Stored data entries

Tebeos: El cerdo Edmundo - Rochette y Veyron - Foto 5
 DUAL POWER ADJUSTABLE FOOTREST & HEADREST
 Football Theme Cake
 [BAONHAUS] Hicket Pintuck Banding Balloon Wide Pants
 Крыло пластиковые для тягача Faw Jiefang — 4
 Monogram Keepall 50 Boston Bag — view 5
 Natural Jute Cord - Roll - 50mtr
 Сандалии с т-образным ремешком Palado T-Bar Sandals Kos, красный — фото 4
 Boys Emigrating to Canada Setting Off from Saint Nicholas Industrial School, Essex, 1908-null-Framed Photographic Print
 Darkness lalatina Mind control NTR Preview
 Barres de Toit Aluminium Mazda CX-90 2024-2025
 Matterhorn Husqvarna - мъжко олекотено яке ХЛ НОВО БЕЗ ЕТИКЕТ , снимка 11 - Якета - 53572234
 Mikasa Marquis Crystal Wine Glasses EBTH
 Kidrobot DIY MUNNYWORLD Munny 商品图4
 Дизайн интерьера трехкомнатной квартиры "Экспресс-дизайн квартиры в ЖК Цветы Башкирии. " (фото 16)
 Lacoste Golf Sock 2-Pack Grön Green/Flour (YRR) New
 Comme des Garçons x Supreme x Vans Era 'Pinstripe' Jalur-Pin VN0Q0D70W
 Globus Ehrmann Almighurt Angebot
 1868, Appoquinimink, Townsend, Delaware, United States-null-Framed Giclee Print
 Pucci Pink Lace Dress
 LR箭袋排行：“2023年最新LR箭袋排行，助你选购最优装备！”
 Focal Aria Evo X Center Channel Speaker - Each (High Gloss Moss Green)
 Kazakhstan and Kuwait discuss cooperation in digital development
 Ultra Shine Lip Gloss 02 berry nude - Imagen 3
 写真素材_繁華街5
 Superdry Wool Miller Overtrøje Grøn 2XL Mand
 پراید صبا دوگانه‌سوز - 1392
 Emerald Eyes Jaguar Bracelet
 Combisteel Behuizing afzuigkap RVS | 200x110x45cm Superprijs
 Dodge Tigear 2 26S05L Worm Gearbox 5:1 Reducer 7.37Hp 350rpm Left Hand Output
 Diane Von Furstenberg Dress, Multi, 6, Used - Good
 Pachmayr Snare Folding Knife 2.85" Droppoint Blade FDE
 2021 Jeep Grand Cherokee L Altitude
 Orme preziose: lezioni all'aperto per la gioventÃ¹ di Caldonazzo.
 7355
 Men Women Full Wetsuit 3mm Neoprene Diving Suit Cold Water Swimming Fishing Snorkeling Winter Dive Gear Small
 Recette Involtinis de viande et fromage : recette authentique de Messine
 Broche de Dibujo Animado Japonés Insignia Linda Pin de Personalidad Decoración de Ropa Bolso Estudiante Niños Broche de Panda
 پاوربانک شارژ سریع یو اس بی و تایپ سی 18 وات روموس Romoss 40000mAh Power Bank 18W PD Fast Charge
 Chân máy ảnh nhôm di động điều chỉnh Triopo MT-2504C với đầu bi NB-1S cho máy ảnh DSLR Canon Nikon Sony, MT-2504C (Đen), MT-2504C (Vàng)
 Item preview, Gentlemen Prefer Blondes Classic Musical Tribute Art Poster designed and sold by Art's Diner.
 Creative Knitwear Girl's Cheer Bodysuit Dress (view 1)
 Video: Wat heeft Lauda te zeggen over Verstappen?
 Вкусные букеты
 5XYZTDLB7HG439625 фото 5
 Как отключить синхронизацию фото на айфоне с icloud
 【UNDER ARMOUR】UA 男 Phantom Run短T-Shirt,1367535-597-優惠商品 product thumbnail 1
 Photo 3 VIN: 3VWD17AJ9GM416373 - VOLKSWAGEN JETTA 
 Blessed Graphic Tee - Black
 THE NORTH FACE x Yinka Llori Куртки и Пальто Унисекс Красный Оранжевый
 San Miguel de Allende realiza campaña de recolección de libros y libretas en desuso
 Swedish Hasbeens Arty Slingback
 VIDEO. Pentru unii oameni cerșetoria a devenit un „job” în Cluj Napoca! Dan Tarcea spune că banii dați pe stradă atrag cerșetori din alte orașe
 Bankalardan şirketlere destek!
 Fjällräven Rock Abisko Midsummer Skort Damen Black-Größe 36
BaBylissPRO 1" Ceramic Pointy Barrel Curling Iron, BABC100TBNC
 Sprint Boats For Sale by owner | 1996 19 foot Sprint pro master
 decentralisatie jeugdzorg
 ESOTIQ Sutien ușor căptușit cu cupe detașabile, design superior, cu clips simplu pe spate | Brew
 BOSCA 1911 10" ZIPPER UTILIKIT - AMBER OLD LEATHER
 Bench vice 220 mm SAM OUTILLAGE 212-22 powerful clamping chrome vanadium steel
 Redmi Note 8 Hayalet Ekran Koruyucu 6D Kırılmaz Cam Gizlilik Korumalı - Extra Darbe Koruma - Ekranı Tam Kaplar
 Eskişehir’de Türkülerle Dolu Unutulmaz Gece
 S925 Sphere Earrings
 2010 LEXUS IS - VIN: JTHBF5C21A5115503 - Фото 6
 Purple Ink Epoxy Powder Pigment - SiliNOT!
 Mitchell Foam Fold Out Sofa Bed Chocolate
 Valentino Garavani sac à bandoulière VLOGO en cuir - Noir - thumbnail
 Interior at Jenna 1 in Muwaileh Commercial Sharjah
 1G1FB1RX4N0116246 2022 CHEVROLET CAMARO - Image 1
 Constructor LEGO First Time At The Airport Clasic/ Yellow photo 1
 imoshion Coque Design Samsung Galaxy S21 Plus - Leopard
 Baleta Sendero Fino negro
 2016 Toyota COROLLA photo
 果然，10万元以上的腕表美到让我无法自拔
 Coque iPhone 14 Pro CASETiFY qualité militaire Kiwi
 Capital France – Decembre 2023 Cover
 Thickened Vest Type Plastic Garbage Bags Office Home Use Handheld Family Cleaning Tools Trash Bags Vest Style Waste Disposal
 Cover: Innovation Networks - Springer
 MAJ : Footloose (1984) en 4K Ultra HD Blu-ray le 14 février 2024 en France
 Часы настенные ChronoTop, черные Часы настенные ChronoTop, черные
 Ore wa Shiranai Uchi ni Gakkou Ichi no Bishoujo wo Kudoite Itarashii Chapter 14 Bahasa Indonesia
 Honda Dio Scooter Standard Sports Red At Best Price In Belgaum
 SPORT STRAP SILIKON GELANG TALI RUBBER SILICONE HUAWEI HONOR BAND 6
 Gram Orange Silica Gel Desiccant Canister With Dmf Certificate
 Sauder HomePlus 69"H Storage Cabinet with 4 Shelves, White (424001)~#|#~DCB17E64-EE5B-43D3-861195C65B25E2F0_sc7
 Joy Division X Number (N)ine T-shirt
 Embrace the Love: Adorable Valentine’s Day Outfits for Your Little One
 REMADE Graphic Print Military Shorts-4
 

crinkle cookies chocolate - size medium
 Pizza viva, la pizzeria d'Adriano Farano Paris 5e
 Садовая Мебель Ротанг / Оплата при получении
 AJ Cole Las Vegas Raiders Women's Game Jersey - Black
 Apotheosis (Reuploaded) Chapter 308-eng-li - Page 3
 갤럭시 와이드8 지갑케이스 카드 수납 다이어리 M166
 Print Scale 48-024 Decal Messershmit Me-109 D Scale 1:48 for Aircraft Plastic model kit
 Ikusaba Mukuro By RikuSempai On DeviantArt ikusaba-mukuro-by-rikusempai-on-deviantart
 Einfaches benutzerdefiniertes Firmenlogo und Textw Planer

Instructions for the task –
Every line of the data above that includes "Chapter" should be listed.

Response for this exercise –
 Ore wa Shiranai Uchi ni Gakkou Ichi no Bishoujo wo Kudoite Itarashii Chapter 14 Bahasa Indonesia
 Apotheosis (Reuploaded) Chapter 308-eng-li - Page 3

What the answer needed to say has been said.